In her self-published book from 2017, Pagosa Springs author Judith Stone chronicles the life and spiritual journey of Southern Ute elder and artist Russell Box Sr., whose work is featured in the Smithsonian Museum of the American Indian in Washington, D.C.
Stone worked on the book, titled “Russell Box Senior: The Physical And Spiritual Journey Of A Southern Ute Elder,” for four years starting in 2013.
In the process of writing, she started her own publishing company, Harmontrix Inc., through which she published the book after she says she was “ripped off” by her previous publishing company, AuthorHouse.
Stone says her mission is to “raise the consciousness of humanity through media.” She previously published a series of children’s books inspired by Billie, a female bison from a bison ranch in Colorado. Box’s biography is the first she has written, and she says the learning process was arduous but worth it.
Stone said that she is currently working on recording an audio version of the book, and she will be releasing podcasts that feature Box in the near future as well.
Box and Stone met in 2014 after she heard about an art showing in Colorado that featured some of his work. After she missed the event, she decided she would reach out to Box directly to try to learn more about him.
Stone says it was a “higher power” that led her to him, and she knew 10 minutes into their first meeting that she wanted to write a biography about him.
Box is now 83 years old; he is from the Mauche and Capote bands of the Southern Ute tribe. Box’s ancestors lived on plains and mountains in territory that included the Four Corners region.
Although the Southern Ute tribe enjoys great wealth today, Box’s young life was spent in poverty.
He was taken to boarding school at age 6, became an alcoholic by 16 and enlisted in the Air Force to fight in the Korean War. After leaving the military, Box got sober, raised a family and went to art school in his 40s, after which time he began growing in recognition for his artwork.
Stone says that Box was “saved” by Christianity and that the faith brought him back to some of the traditions of his tribe that he had practiced when he was younger, something she says is ironic given that Christianity was historically the faith of the colonists who ailed the Native Americans.
Duke University law professor Steve Sachs wrote about this in his foreword for Box’s biography. He approached Stone after hearing about her project because he wanted to provide context in the book regarding Anglo-American attitudes toward Native American peoples.

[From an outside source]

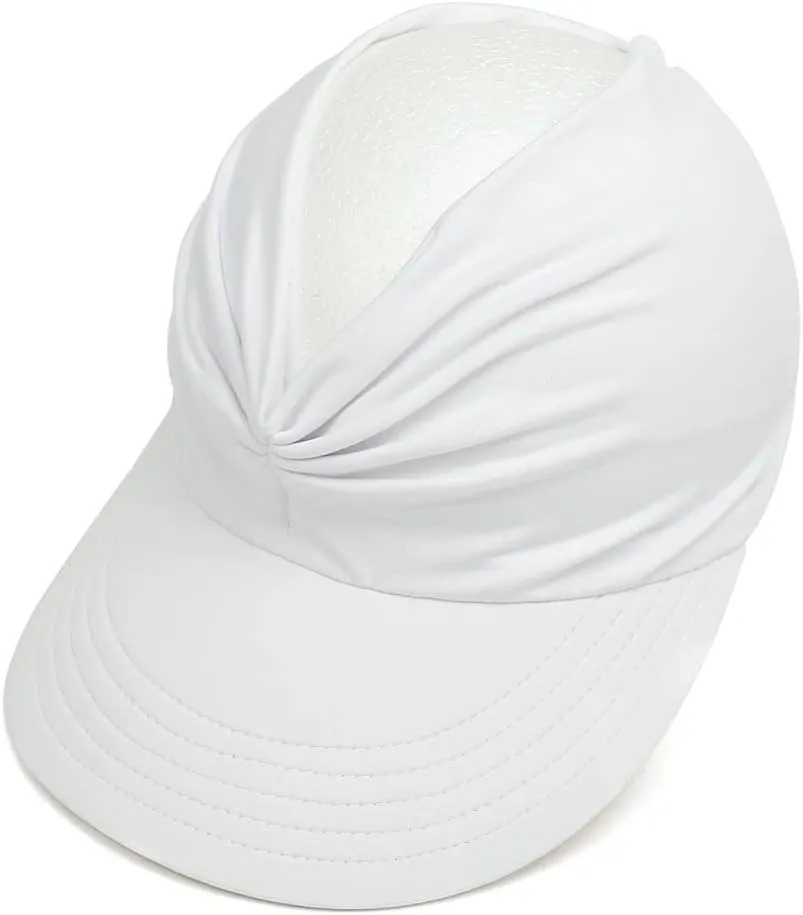 Women Visor Ponytail Sun Hat UPF 50  UV Protection Wide Brim Beach Cap Summer Hat Outdoor
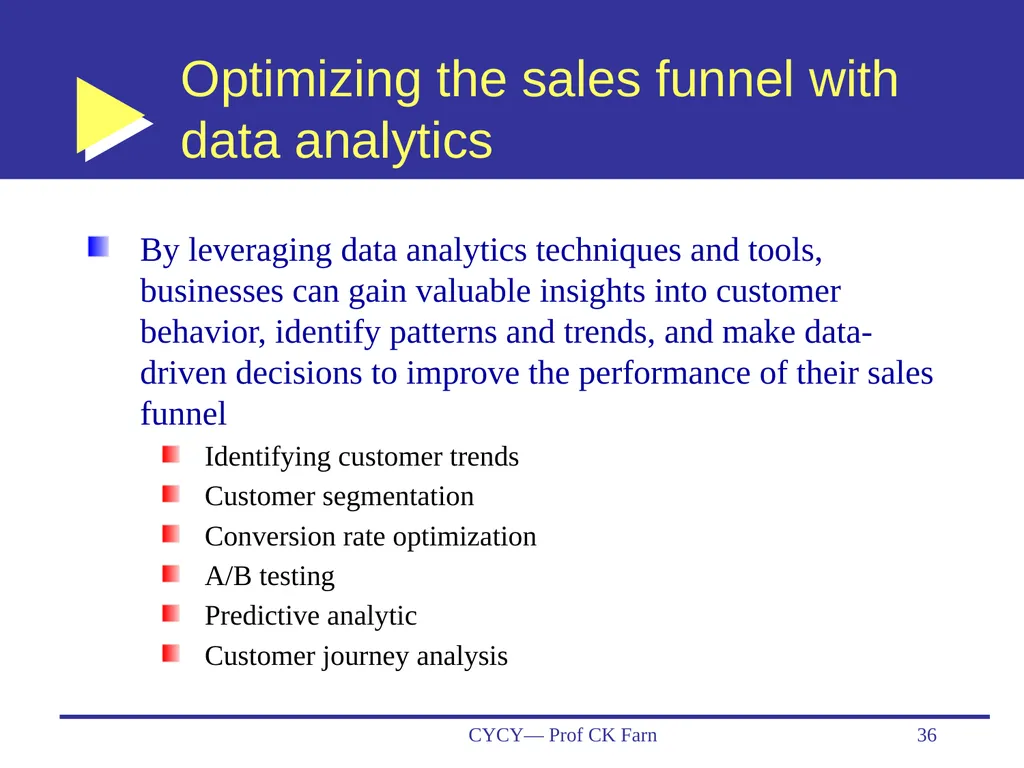 Business Data Analytics and CRM— Customer - slide 36 of 36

While the content of the book itself touches on the themes of oppression familiar to any scholar of Native American history, Sachs’ foreword provides a well-documented and -cited history of the abuse endured by tribes such as the Southern Utes.
Stone says that the biggest reasons people should read the biography are that Box’s story is one to which many people can relate, and he provides “hope” and “spiritual knowledge” through his story, as well.
“It’s an experience we’ve all gone through at some level,” Stone told The Journal in an interview.
In 2016, Stone performed at a Raven Narratives event, describing how she began her foray into writing in 2002 after surviving an automobile accident.
She was scheduled to attend an event at the Mancos Public Library with Box to talk about her book and sign copies Thursday at 7 p.m.
“Russell Box Senior: The Physical and Spiritual Journey of a Southern Ute Elder” is available in Montezuma bookstores and libraries, including Kilgore American Indian Art in Mancos and Notah Dineh in Cortez.